[Start of Attachment]
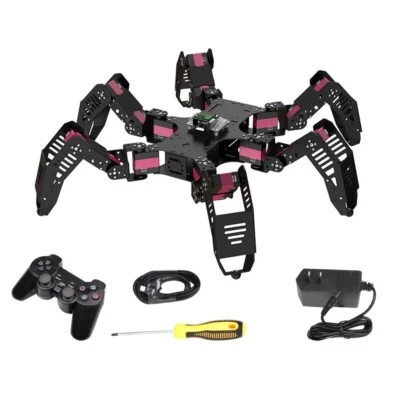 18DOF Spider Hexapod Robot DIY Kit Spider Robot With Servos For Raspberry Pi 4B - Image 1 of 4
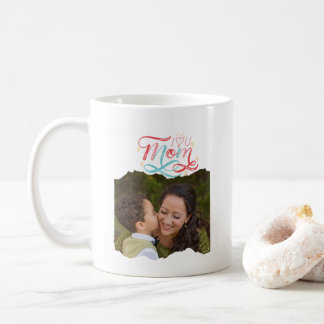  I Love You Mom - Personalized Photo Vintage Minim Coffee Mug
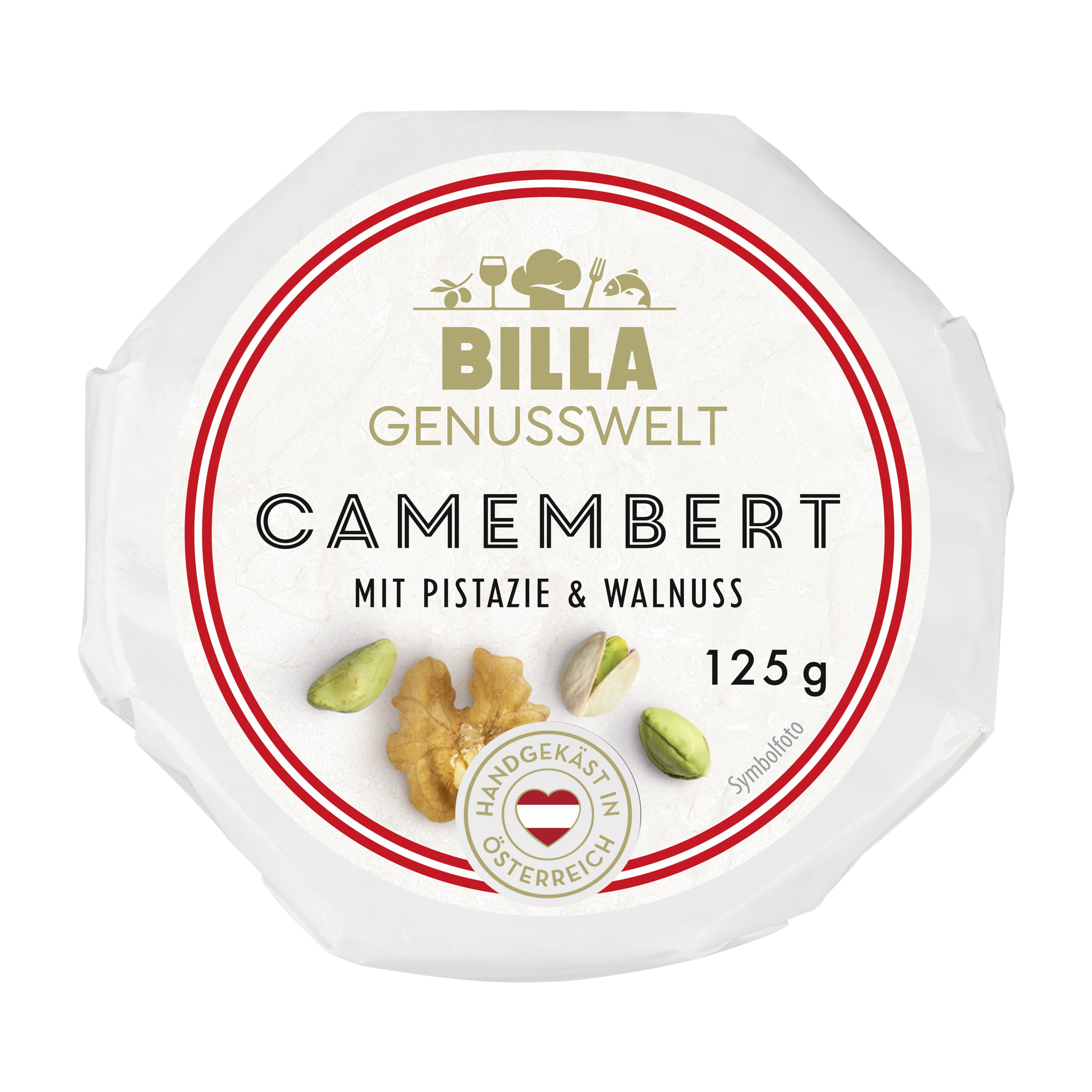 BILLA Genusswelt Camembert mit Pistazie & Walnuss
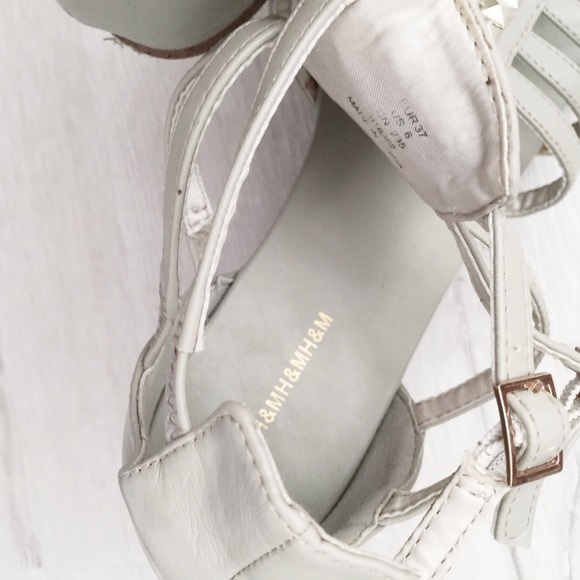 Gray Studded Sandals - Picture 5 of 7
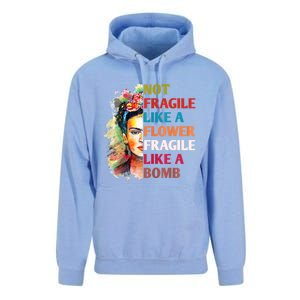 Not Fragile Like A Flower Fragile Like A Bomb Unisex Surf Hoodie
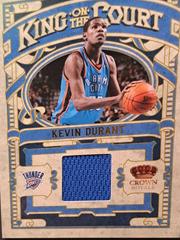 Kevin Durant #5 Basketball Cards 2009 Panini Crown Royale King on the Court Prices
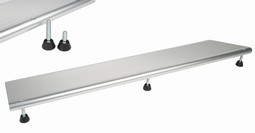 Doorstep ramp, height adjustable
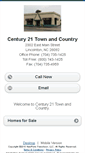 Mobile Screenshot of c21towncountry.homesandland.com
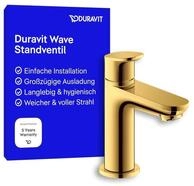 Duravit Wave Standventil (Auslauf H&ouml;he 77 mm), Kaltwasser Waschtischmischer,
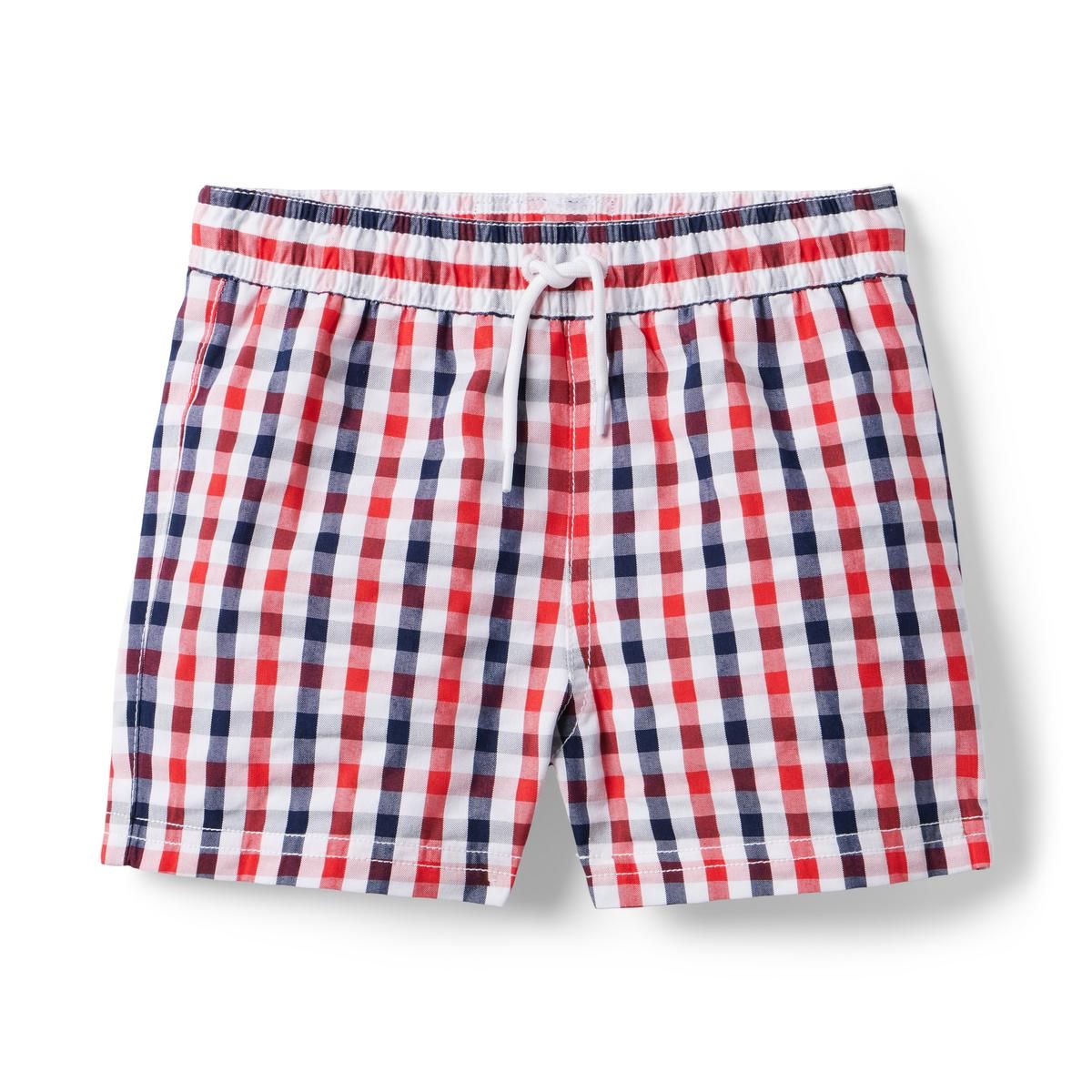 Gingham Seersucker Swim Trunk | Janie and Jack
[End of Attachment]
EXERCISE REQUIREMENTS.
Nothing but the lines from the start of the records above through the line with "Kevin Durant #5" should be retyped, each exactly as written; leave out all pictures.

REPLY TO THE TASK.
 18DOF Spider Hexapod Robot DIY Kit Spider Robot With Servos For Raspberry Pi 4B - Image 1 of 4
  I Love You Mom - Personalized Photo Vintage Minim Coffee Mug
 BILLA Genusswelt Camembert mit Pistazie & Walnuss
 Gray Studded Sandals - Picture 5 of 7
 Not Fragile Like A Flower Fragile Like A Bomb Unisex Surf Hoodie
 Kevin Durant #5 Basketball Cards 2009 Panini Crown Royale King on the Court Prices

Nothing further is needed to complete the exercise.